→ **Aim of the task**: From the top of the entries, reproduce each line exactly, stopping after the line that contains "siglo XX Óleo". Omit pictures.

→ **Data for analysis**:
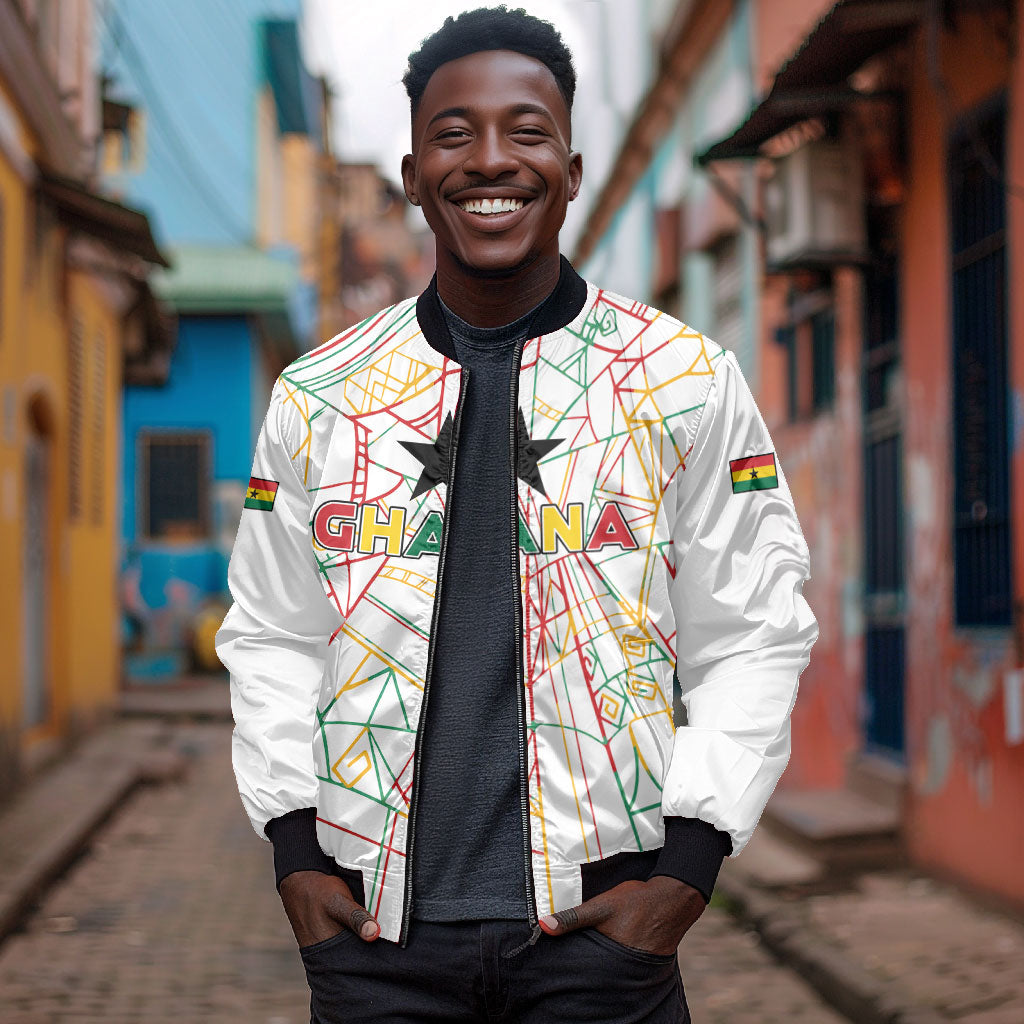 Custom Ghana Football 2026 Bomber Jacket Black Stars Never Fall White Version
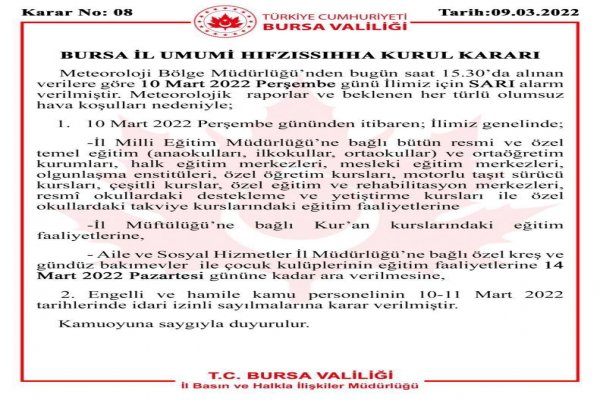 Gemlik'te okullara 14 Mart'a kadar kar tatili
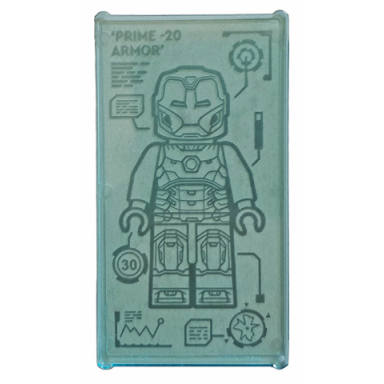 trans-light blue glass for window 1 x 4 x 6 with iron man armor prime -20 armor pattern sticker - set 76167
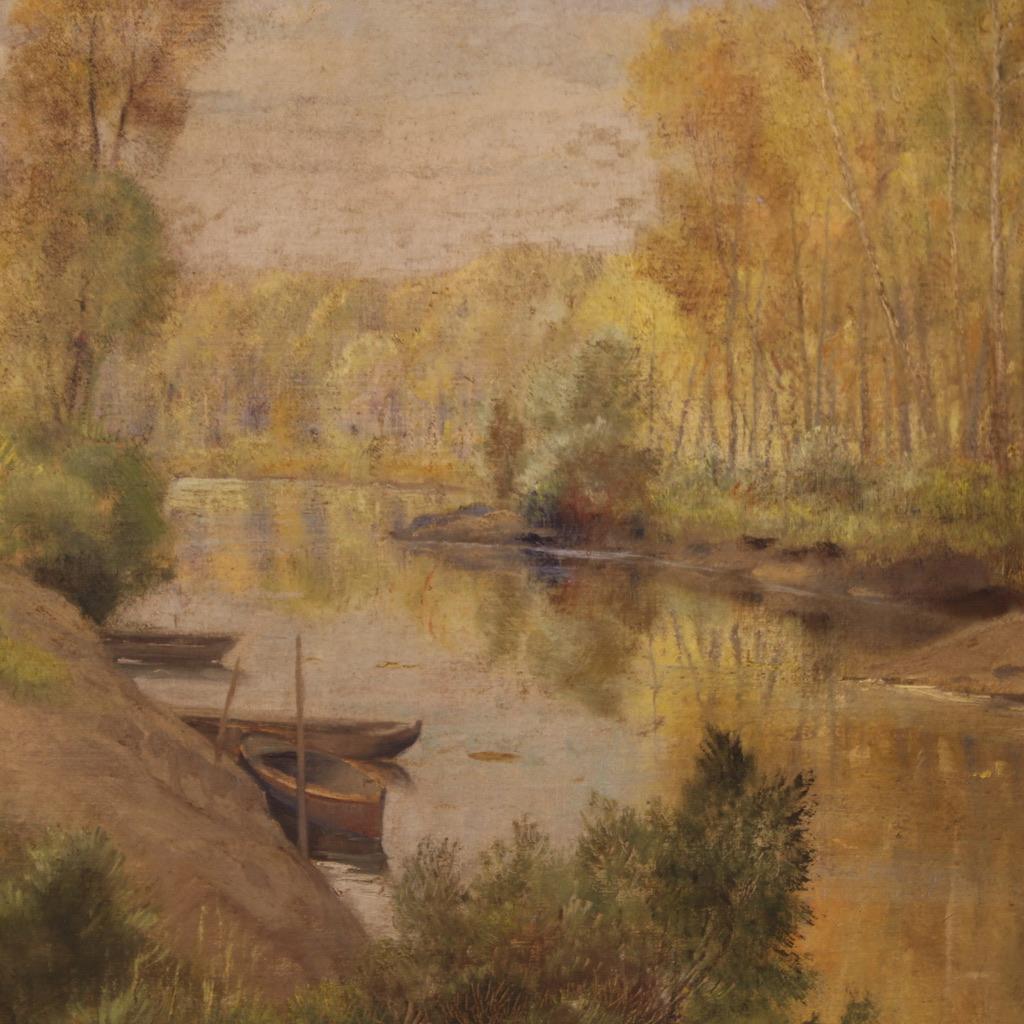 siglo XX Óleo sobre masonita Firmado A. Corradi Paisaje Pintura italiana, 1950 en venta 6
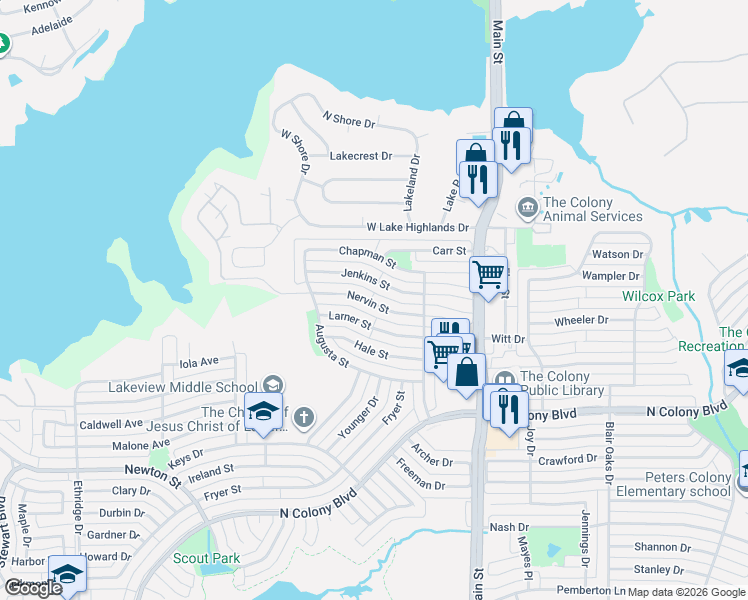 map of restaurants, bars, coffee shops, grocery stores, and more near 4500 Nervin Street in The Colony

→ **Answer space**:
 Custom Ghana Football 2026 Bomber Jacket Black Stars Never Fall White Version
 Gemlik'te okullara 14 Mart'a kadar kar tatili
 trans-light blue glass for window 1 x 4 x 6 with iron man armor prime -20 armor pattern sticker - set 76167
 siglo XX Óleo sobre masonita Firmado A. Corradi Paisaje Pintura italiana, 1950 en venta 6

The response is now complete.